Is video the future of voice?  - evo_9
http://www.theverge.com/2012/5/14/3009637/video-voice-volte
======
GuiA
In the vast majority of sci-fi movies, the main mode of remote communication
for humans is video based (last one I have in mind is Avatar, where the
characters left each other "video voicemails"). You can also find a lot of
speculations in the 1900's about how the future would have "videophones". So
there's definitely some basic human desire for that.

But that being said, we've had the technology for videophoning for a solid
decade now, and it never caught on as a default mode of communication. Is it
that the offering just wasn't good enough? Maybe.

But I also have a feeling that it's not really something we want except for
some certain cases (long distance relationships, talking with your young
children, for whom image is essential, etc.).

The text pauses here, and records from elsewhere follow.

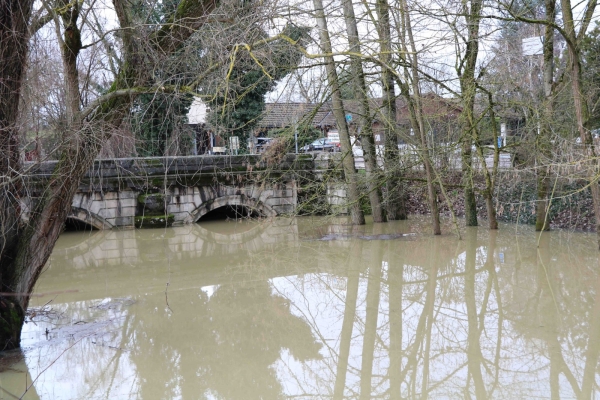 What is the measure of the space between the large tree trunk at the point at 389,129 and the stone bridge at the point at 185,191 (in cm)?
133

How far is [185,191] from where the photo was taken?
58.9 feet

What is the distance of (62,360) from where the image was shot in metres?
6.26

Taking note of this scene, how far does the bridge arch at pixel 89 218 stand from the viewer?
1688cm

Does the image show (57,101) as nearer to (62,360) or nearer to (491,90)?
(62,360)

Videochatting is weird— you get some of the body language, but not all of it.
You lose on some subtlety of facial expressions because of screen
size+resolution, distance to the camera, lossy encoding, etc. You have to be
focused on the screen, you can't move around, sit down, get up, etc. like you
would in a normal conversation.

As a result, videochatting today is almost uncanny valley-like, and for most
cases, audio only largely suffices. I feel like until we have high-fidelity
life size holograms, visual telecommunications will never really catch on on a
wide scale.